> Input records:
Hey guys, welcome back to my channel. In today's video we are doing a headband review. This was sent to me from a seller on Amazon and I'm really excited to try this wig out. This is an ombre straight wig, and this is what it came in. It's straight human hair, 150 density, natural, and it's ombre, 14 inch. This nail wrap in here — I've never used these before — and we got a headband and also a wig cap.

==

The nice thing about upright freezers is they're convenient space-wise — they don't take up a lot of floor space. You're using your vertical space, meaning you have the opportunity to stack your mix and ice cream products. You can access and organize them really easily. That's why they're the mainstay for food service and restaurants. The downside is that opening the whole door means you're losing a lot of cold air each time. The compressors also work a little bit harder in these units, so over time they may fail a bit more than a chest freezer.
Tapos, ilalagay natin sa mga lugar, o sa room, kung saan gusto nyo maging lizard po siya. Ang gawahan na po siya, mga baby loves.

* * *

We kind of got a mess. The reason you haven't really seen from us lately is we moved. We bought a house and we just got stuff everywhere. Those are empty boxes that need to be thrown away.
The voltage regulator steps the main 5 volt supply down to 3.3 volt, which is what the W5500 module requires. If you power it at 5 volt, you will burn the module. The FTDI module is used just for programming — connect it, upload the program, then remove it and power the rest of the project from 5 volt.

> Prompt: With "just" as the string to match, show every line of the entries above that has it.

> Solution for this problem:
We kind of got a mess. The reason you haven't really seen from us lately is we moved. We bought a house and we just got stuff everywhere. Those are empty boxes that need to be thrown away.
The voltage regulator steps the main 5 volt supply down to 3.3 volt, which is what the W5500 module requires. If you power it at 5 volt, you will burn the module. The FTDI module is used just for programming — connect it, upload the program, then remove it and power the rest of the project from 5 volt.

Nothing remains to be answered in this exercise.